**Directions:** Output, exactly and with no pictures, the line that contains "Mishawaka, IN 46544" and every line that comes after it in the data below, the last one included.
___ Provided records
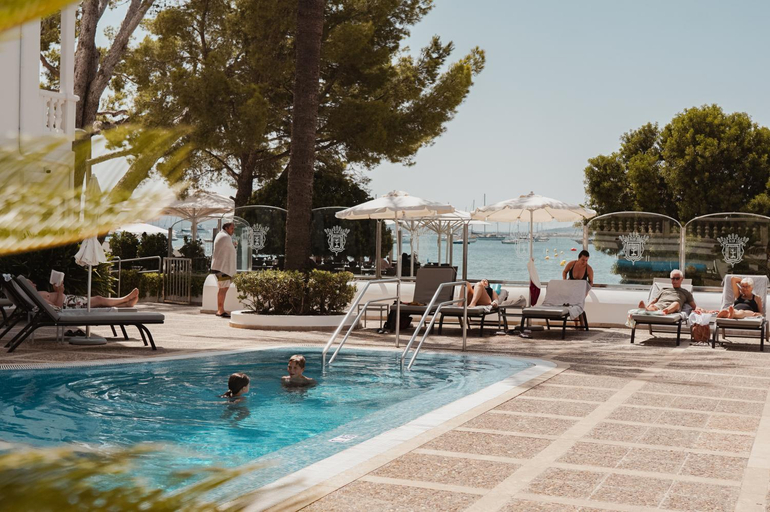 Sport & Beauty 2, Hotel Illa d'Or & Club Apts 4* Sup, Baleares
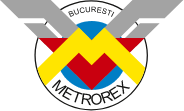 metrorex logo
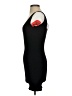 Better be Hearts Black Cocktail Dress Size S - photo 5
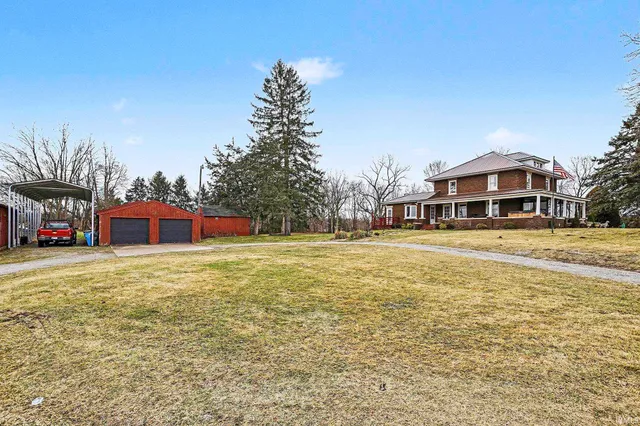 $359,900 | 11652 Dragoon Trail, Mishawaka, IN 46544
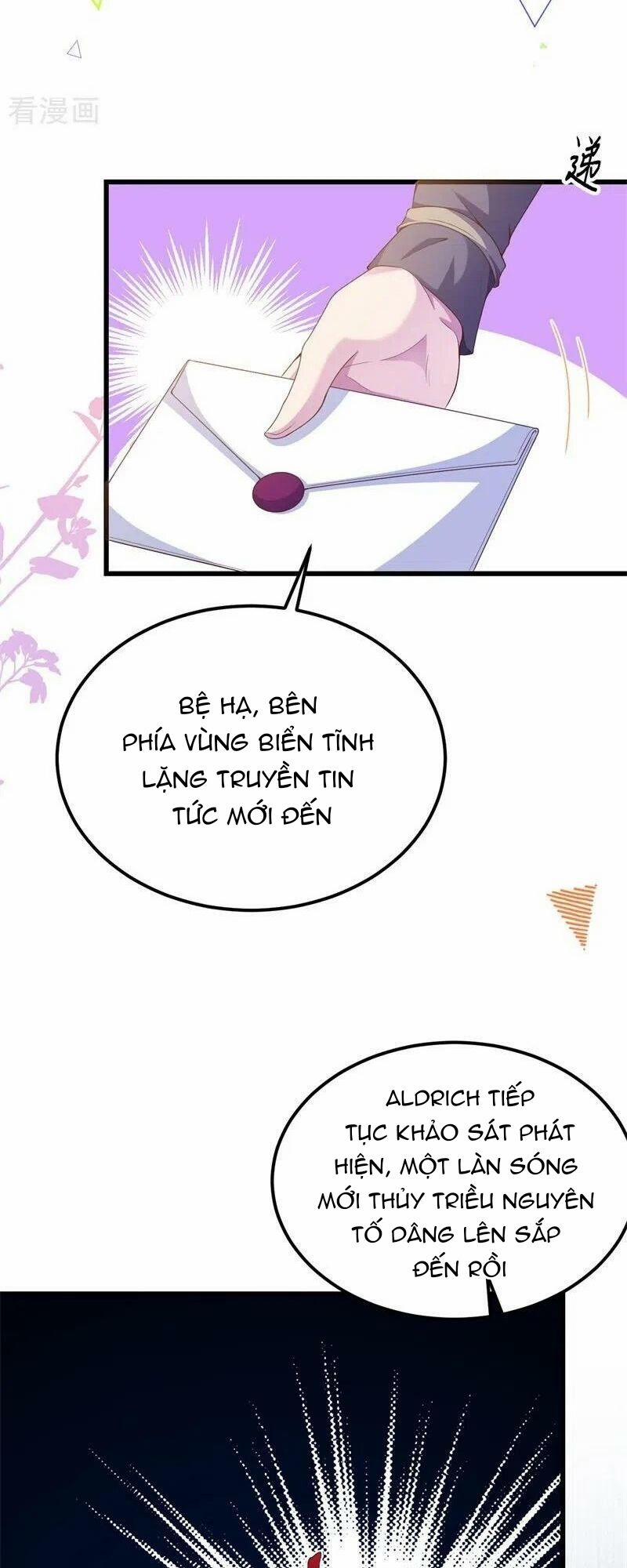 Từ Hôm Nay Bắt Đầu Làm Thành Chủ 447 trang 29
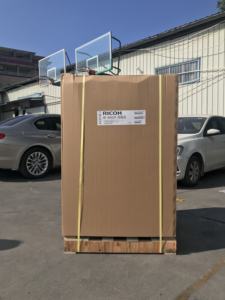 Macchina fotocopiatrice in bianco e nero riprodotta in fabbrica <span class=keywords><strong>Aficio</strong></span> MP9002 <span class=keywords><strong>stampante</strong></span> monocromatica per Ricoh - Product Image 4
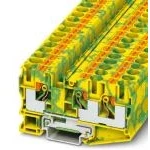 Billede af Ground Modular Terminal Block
______
**Response box:**
 $359,900 | 11652 Dragoon Trail, Mishawaka, IN 46544
 Từ Hôm Nay Bắt Đầu Làm Thành Chủ 447 trang 29
 Macchina fotocopiatrice in bianco e nero riprodotta in fabbrica <span class=keywords><strong>Aficio</strong></span> MP9002 <span class=keywords><strong>stampante</strong></span> monocromatica per Ricoh - Product Image 4
 Billede af Ground Modular Terminal Block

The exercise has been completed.